Perhaps the single most transformative experience of my life occurred during my Freshman Year.   I joined and participated in the Experimental Study Group (ESG).  ESG is a special alternative educational program founded at MIT in 1969, so it was in its second year when I arrived as a Freshman.  I nearly missed out on this fantastic experience — I didn’t hear about until late in the summer, because I was away at the OSU Math program.  I came home to a deluge of accumulated mailings from MIT.  One of the mailings described a program (ESG) that sounded too good to be true – a program where students could design their studies, work at their own pace, choose their own textbooks, interact with faculty on a personal and informal basis.  Unfortunately, there were only a limited number (50) of openings available for incoming freshman, and preference was given to those who responded early expressing interest.  I was “certain” that a fantastic program like this would be oversubscribed – so I foolishly neglected to pursue it.   Later, after I arrived at MIT, and joined a fraternity (to try to do something about my pathetic social life), I completed one week of classes, and was mostly bored and frustrated.  Happily, one of my fellow fraternity pledges had joined ESG, and told me about it with great enthusiasm.  It turned out there were still openings!  I wasn’t going to miss out on this “second chance” so I immediately checked it out, talked with my advisor, and transferred into ESG!  Best decision of my life!

ESG was designed to give students the freedom to pursue their interests, and to work independently at their own pace.  There were no specific requirements, and freshman participants received 45 units of “free elective credit” per semester.  MIT’s graduation requirements included:

1. Amassing 360 units of credit (typically over 4 years)

2. “General Institute Requirements” in Math, physics, chemistry, and humanities

3. Completely the specific degree requirements of one’s major (corresponding to the department enrolled in)

4. A PE (Physical Ed.) requirement, along with passing a swim test

So the 45 “Free Elective Credits” of ESG put freshmen on track toward the 360 credit total.  We of course still had to satisfy all the other requirements at some time before graduation, but ESG allowed us to “defer” working on any requirements if we chose to.  I, like many of my ESG peers, choose to work on most of the typical freshman requirements, but to do so on my own terms and at my own pace.  I chose to work on calculus using the classic Apostol text, for example.  I worked on the 1st semester physics doing independent study from the notes for the “Advanced Mechanics” physics option (used more calculus).  There were also some interesting seminars offered by ESG faculty, and I joined the “Writing Seminar” offered by Peter Elbow, which was a terrific experience, and also satisfied 1 humanities requirement (the total humanity requirement was 8 semesters of humanities courses, with a distribution requirement (3 from different areas), and a concentration (of 3 courses within one area — I chose psychology).

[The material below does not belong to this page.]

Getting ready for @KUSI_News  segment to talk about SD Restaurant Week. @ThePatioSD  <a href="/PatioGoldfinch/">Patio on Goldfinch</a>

ESG was a “learning community”

The ESG community consisted of 50 Freshmen, a number of sophomores (who had started out as ESG Freshman in 1969), faculty in the core areas of study (Math, Physics, Chemistry, Biology, Humanities), and administrative staff (director and secretary).  Everyone interacted informally and got to know each other on a first-name basis.   Our community space consisted of nearly the entire 6th floor of Building 24. There was a common room (with couches, chairs, and tables), a kitchen off the common area, a library, several seminar rooms, a lab and computer room, a music room (with turntable, stereo, and LP collection), and several seminar rooms.  The community was self-governing, with regular meetings, where everyone had a voice.  We had community lunches every Friday.  Basically people would “hang-out” around ESG (pretty much 24/7, though the faculty and staff were around primarily during daytime hours).  Interactions were serendipitous, and led to a stimulating free-flow of ideas, interests, and expertise.  Everyone was consider a “learner” – faculty were just senior (more experienced) learners!

One of the memorable dynamics I recall was the “ad hoc seminars”.   There was a bulletin board outside the administrative offices, strategically placed at the entrance to the ESG 6th-floor area.   There was an area on this bulletin board where any community member could post a “seminar proposal” — e.g. “I’m interested in learning about X – who would like to learn with me?”  Then anyone could sign up, and those interested would form a “study group” to share their learning and experience on the topic.  Some seminars never got off the ground, but others took on a life of their own, leading to fascinating explorations and learnings!

ESG blurred artificial boundaries

With traditional education, I chafed at what I consider “artificial boundaries”:

1. Temporal boundaries (compartmentalizing learning into courses with fixed beginning and end times)

2. Content boundaries (compartmentalizing learning into fixed course content chunks)

3. Class/role distinctions between teacher and student.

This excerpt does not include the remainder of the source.